Godbolt: godbolt.org/z/Pfbja61Eb

portable shift-and-OR expression     28,623 ns/op
__builtin_bswap64 (one instruction)  28,801 ns/op    0.99×

Identical. GCC has recognised the shift-and-or bswap idiom since version 4.8 (2013) and folds it to the same bswap instruction. So the intrinsic is — for this exact idiom on modern GCC — a wash.

It still matters in three ways:

Clarity. __builtin_bswap64(x) says byte-swap a 64-bit integer. The 8-line portable version says please audit me for off-by-one shift errors.
Portability across compilers. MSVC has _byteswap_uint64; Clang has __builtin_bswap64; GCC has it too. C++23 finally added std::byteswap. Before that, the platform define-dance is unavoidable.
Version-of-compiler robustness. The idiom recognition is a pattern match; it breaks if you write the expression slightly differently. The intrinsic is guaranteed.

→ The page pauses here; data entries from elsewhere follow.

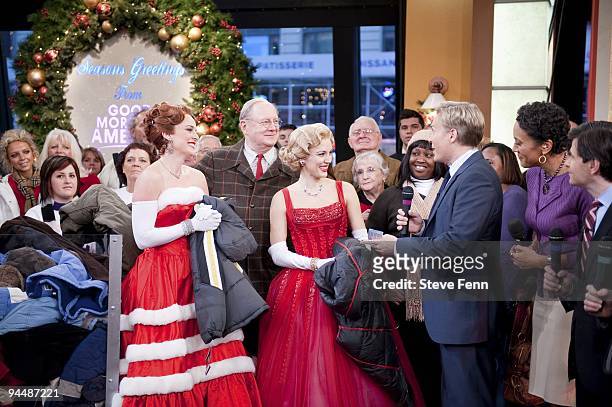 David Ogden Stiers and other members of the cast of White Christmas show their support for the Warm Coats Warm Hearts coat drive on GOOD MORNING...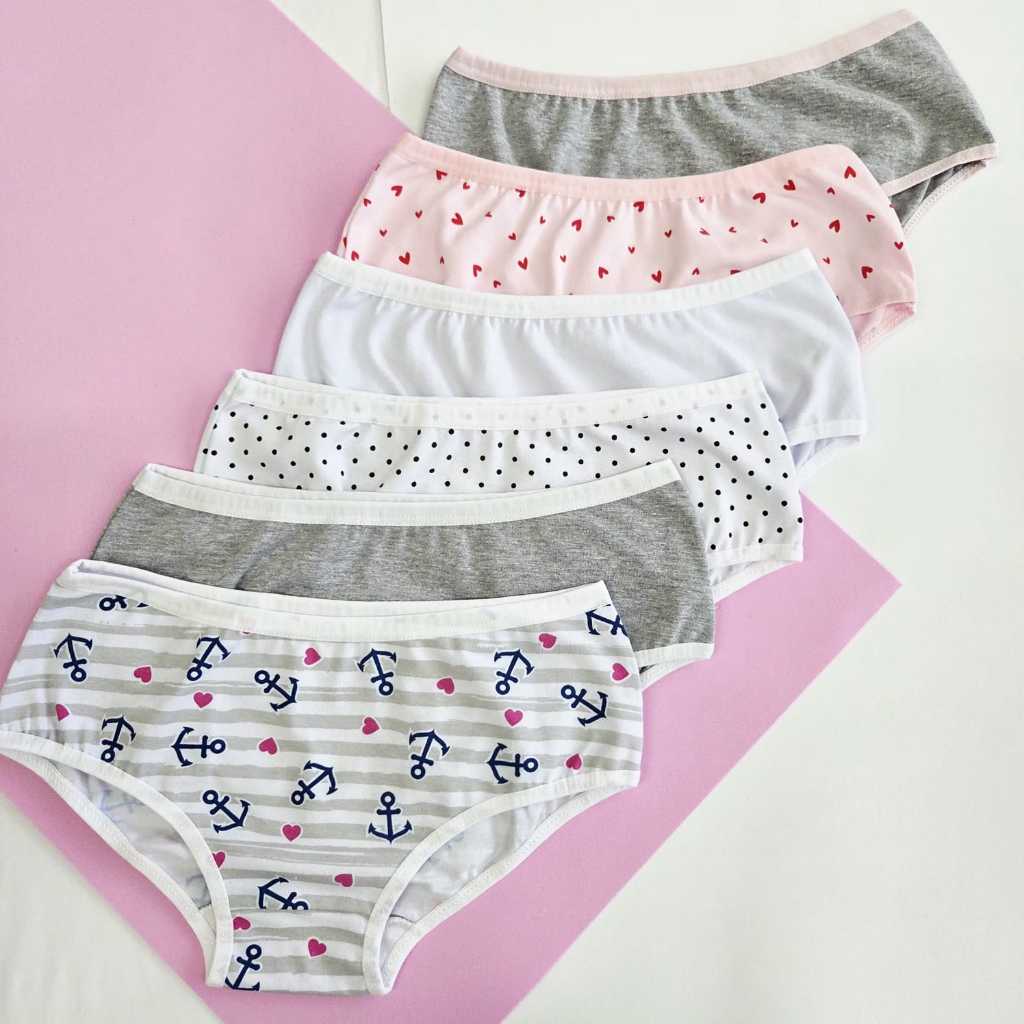 Kit Calcinha Juvenil Cotton Algodão Pequena Flor 10 a 16 anos meninas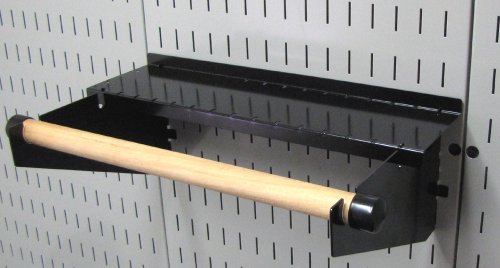 Wall Control Pegboard Paper Towel Holder and Dowel Rod Pegboard Shelf Assembly for Wall Control Pegboard and Slotted Tool Board - Black von Wall Control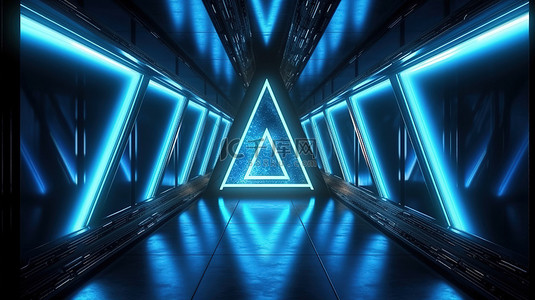 使用激光隧道技术的霓虹灯三角走廊门的 3D 插图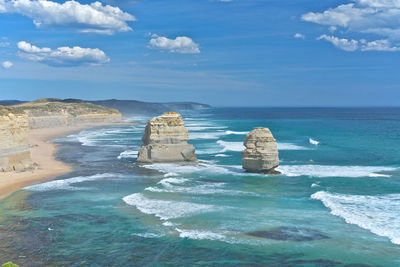 Scenic view of twelve apostles against sky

Same story for __builtin_bswap16 (→ xchg or rol 8) and __builtin_bswap32. C++23: use std::byteswap and let the standard library worry about which builtin to call.

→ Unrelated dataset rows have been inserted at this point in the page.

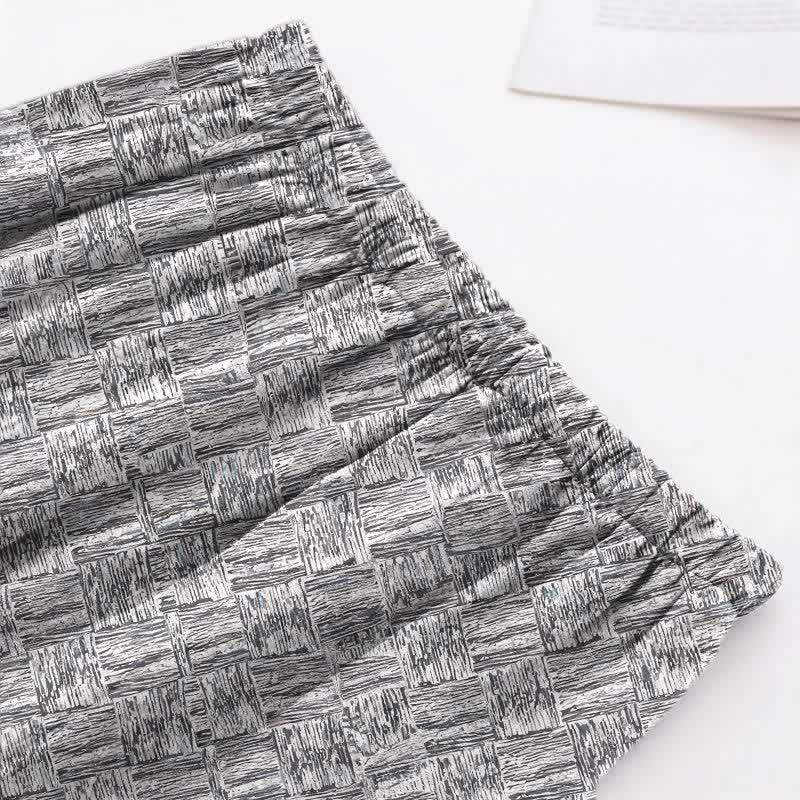 Ownkoti Gray Abstract Linear Cotton Pajama Set - image 4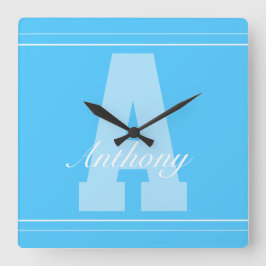 パーソナライズされたタイポグラフィ名時計 スクエア壁時計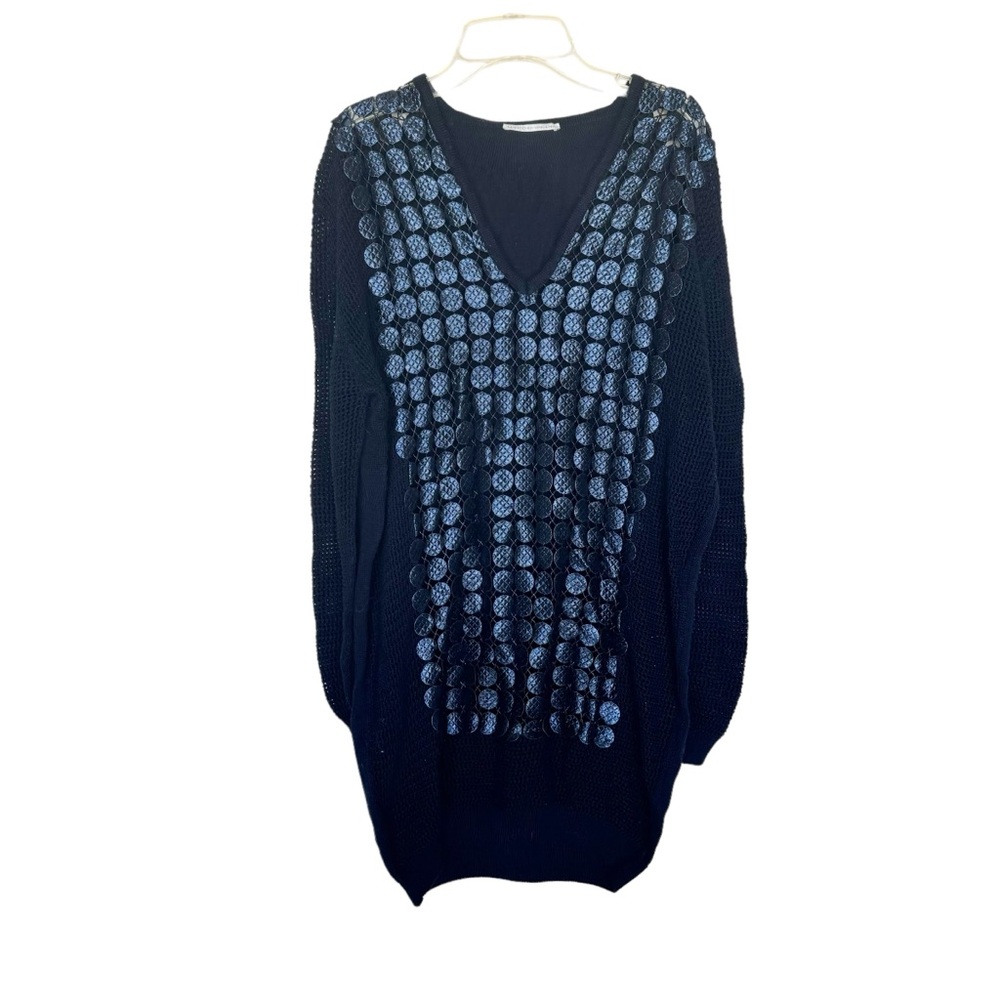 Marco de Vincenzo Navy Blue Metallic Circle Tunic Sweater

1.5 Three more builtins that don’t need a benchmark

Runtime speed isn’t the only thing builtins unlock. Three worth knowing, none with a measurable runtime delta in my harness but all with a clear codegen or correctness payoff:

__builtin_assume_aligned(p, 64) tells the compiler the pointer is aligned to a 64-byte boundary, which lets the auto-vectoriser emit aligned loads/stores instead of unaligned ones. On recent Intel, aligned and unaligned loads have the same throughput when the address is actually aligned, so the runtime effect is zero — but on strict-alignment ARM targets, and on older x86, it is the difference between a single load and a split pair of loads. Use it on SIMD-sized inputs you control the allocation of.

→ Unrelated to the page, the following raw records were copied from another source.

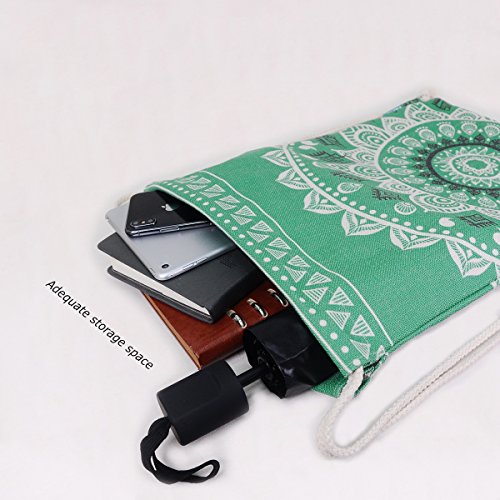 Miomao Drawstring Backpack Gym Sack Pack Mandala Style String Bag With Pocket Canvas Sinch Sack Sport Cinch Pack Christmas Gift Bags Beach Rucksack 13 X 18 Inches Emerald #TOP1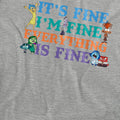 Heather Grey - Side - Disney Pixar Womens-Ladies Its Fine Im Fine Inside Out Heather T-Shirt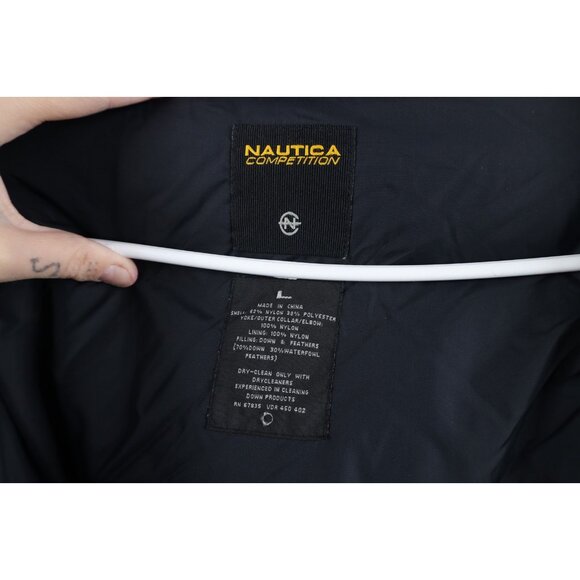 Vtg 90s Nautica Competition Mens Large Spell Out Color Block Down Puffer Jacket - Picture 10 of 16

__builtin_prefetch(addr, rw, locality) — covered in post 1’s §7. TL;DR: 20% win on a 1M-node pointer chase; marginal or negative on anything the hardware prefetcher can predict.

__builtin_constant_p(x) returns true inside the compiler when x is a compile-time constant, false otherwise. Used to pick between a cheap compile-time specialisation and a generic runtime path inside a macro. You won’t see it in modern C++ much — if constexpr and concepts do the job better — but glibc’s strcpy / memcpy / strlen still branch on it to emit a rep movs for small literal sizes vs a generic loop for variable ones. Handy if you’re writing header-only libraries that want to specialise on literal arguments.

Other builtins you’ll see in real codebases: __builtin_trap() (unconditional fault — smaller code than abort()), __builtin_assume(cond) (Clang-only; a __builtin_unreachable gated by cond), __builtin_FILE() / __builtin_LINE() / __builtin_FUNCTION() (pre-C++20 std::source_location), __builtin_types_compatible_p(T1, T2) (legacy type equality, obsoleted by std::is_same_v).

1.6 The canonical C++20 / C++23 alternatives

Every builtin above (and most of the ones this post doesn’t benchmark) has a standard-library wrapper in recent C++. On libstdc++ the std:: name is a one-line constexpr function that routes straight to __builtin_popcountll / __builtin_clzll / __builtin_bswap64 / etc. So the runtime and the emitted assembly are identical — the only reason to use the builtin by name is if you’re targeting a pre-C++20 standard or a compiler that hasn’t shipped <bit> yet.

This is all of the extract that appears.